Segment Start: Working data

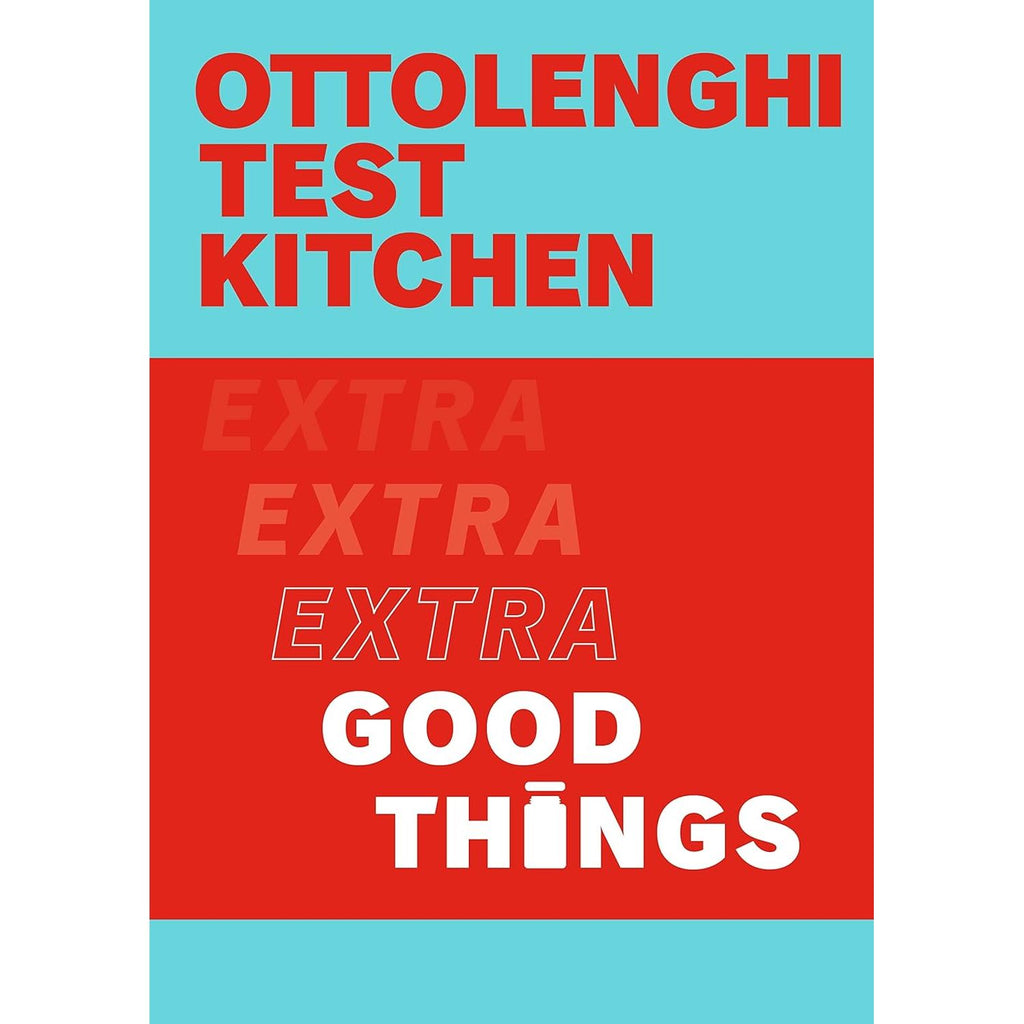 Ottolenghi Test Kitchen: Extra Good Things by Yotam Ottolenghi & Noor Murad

Segment End: Working data
Segment Start: Working data

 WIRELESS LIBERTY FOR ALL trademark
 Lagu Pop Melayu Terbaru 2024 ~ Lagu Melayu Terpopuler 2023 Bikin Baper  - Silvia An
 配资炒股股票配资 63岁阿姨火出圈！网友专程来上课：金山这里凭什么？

Segment End: Working data

**Exercise instructions:** From the records above, transcribe exactly the run of lines that opens with the line holding "WIRELESS LIBERTY FOR ALL trademark" and closes with the line holding "配资炒股股票配资 63岁阿姨火出圈！网友专程来上课：金山这里凭什么？", both included.

**Reply:**
 WIRELESS LIBERTY FOR ALL trademark
 Lagu Pop Melayu Terbaru 2024 ~ Lagu Melayu Terpopuler 2023 Bikin Baper  - Silvia An
 配资炒股股票配资 63岁阿姨火出圈！网友专程来上课：金山这里凭什么？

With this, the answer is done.